At first glance it seems OK, and I wasn't exactly sure what the problem was until I pulled it apart. GCC is well within its rights to produce the following code (annotated for clarity).

push   %ebp                     ; setting up stack frame
mov    %esp,%ebp                ; save esp to ebp
sub    $0x8,%esp                ; make some room on stack
movl   <mutex>,(%esp)           ; copy mutex to stack
call   <pthread_mutex_trylock>  ; call pthread_mutex_trylock
mov    <acquires_count>,%edx    ; copy acquires_count to %edx
cmp    $0x1,%eax                ; set carry flag if result == 0
adc    $0x0,%edx                ; add with carry
mov    %edx,<acquires_count>    ; write back acquires_count
leave                           ; release stack frame
ret                             ; done!

This code uses a bit of a trick to avoid a branch around code. It uses the carry flag, which is simple enough to understand when adding. Consider if you are adding 0001 + 1111 you end up with 11111, where the top bit is the carry bit. You can then feed this carry bit into another part of the addition operation if you were, say, using two 32 bit numbers to represent a 64 bit number on a 32 bit system.
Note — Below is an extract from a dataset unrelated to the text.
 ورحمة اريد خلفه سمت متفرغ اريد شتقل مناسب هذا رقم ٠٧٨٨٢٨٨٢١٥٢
The trick uses the dual nature of the carry flag as a "borrow" bit; if a < b when a - b then the bit is set. Consider the simplest case of 0 - 1 -- the carry bit is set to indicate to the next operation that a bit needs to be borrowed. Imagine for a moment we have a four bit machine and want to do the 8-bit unsigned operation

1111 0000 -   (240) -
0000 0001     (  1)
==== ====

First we do 0000 - 0001 which leaves us 1111 with the borrow bit set. Then we do 1111 - 0000 but take note that the borrow bit is set, so get rid of the borrowed bit, leaving us 1110. Putting the two together gives us 1110 1111 or 239.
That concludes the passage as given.